A proposal by the U.S. Department of Labor that would put more independent contractors in the employee category has the potential to shake up business models, workers’ compensation experts say.
“This could be a really big deal, especially in the gig, shared economy,” said Ben Powers, Atlanta-based vice president and head of large and complex casualty for the Southeast region at Willis Towers Watson PLC.
“Overall, the employee/employer relationship versus the principal/independent contractor relationship affects our clients in a lot of big ways,” because workers’ compensation coverage would be among the biggest mandatory insurance requirements for companies forced to reclassify workers, he said.
The DOL̵7;s proposed rule, which was introduced Oct. 13 and is open for public comment until Dec. 13, would apply a narrow “economic reality test” to determine whether a worker is an independent contractor. It would assess six conditions to determine whether the employee is financially dependent on the employer or self-employed.
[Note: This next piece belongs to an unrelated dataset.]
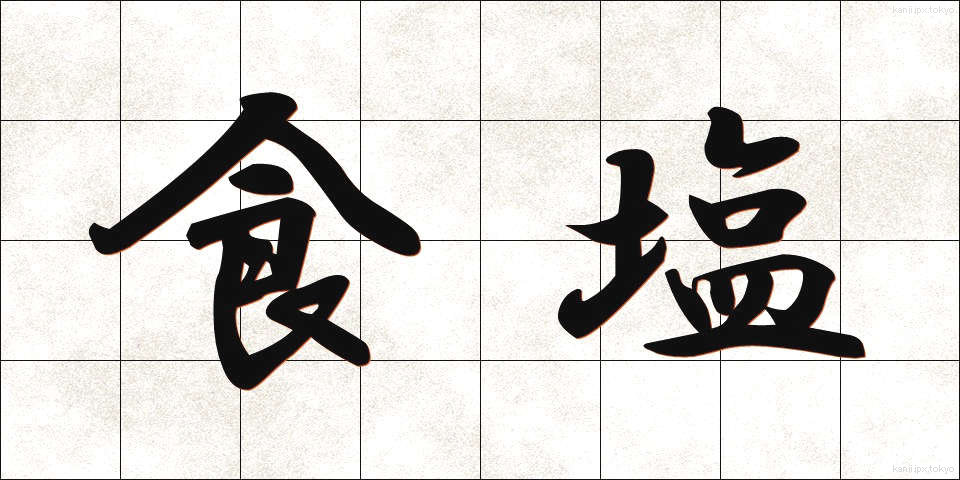 食塩 (しょくえん)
The DOL has stated its intention to rein in businesses that rely heavily on independent contractors, who lack access to such protections as workers’ compensation and wage and hour laws.
Comp experts say that, depending on the type of business, a move to reclassify independent contractors as employees would force many companies to rebalance their risk profile.
If regulation “forces employers to reclassify independent contractors as employees, it has a significant effect on workers’ conditions and on the overall economics of their business model,” said Will Brauer, Marsh LLC’s sharing economy and casualty practice leader in Chicago.
“There is a fine and sometimes difficult line between employee status and independent contractor status,” he said. “Each state, and in some cases municipalities, defines these requirements differently, but most have some common elements.”
While many companies that rely on independent contractors have general liability policies to protect assets in the event a contractor is injured — if the worker alleges and can prove negligence on behalf of the company — workers’ compensation casts a wider net, guaranteeing benefits in most cases and would increase insurance costs drastically, said Paul Primavera, Washington-based vice president and practice leader, national risk control group, at Lockton Cos. LLC.
Conversely, the risk may be greater under general liability, because workers comp is the exclusive remedy and is protected by regulations, Mr. Primavera. “Certainly, one could argue that a third-party claim can result in more exposure to an organization than a workers’ compensation claim simply because there are no limits on wages and pain and suffering,” he said.
With potential federal changes coming, experts say companies also need to make sure they’re classifying their employees in line with current state regulations, which have changed in some cases.
California has tightened rules on who is considered an employee, and Vermont and Rhode Island considered measures this year that would have changed the definition. More states may continue to push for clarification on the issue, the National Council on Compensation Insurance reported, calling the issue an important legislative trend.
According to the NCCI, three states passed laws this year targeting gig workers, such as those who work for transportation network companies, including Uber and Lyft, and other market entrepreneurs.
SB 150 in Alabama excluded certain contractors who work for marketplace platforms, such as Uber and food delivery platform Grubhub, from the definition of employee and considers them independent contractors. HB 118 in South Dakota clarified when a worker is an independent contractor of a delivery facilitation platform; and HB 2076 in Washington addressed workers’ compensation for transportation network company drivers under certain conditions.
Hanging over the issue is the DOL’s proposal, experts say.
“This is a key issue to continue to look at,” said Greg McKenna, Rolling Meadows, Ill.-based national public sector practice leader at Gallagher Bassett Services Inc. “It would be good advice for employers to continue to see how the The federal government will take action on this.”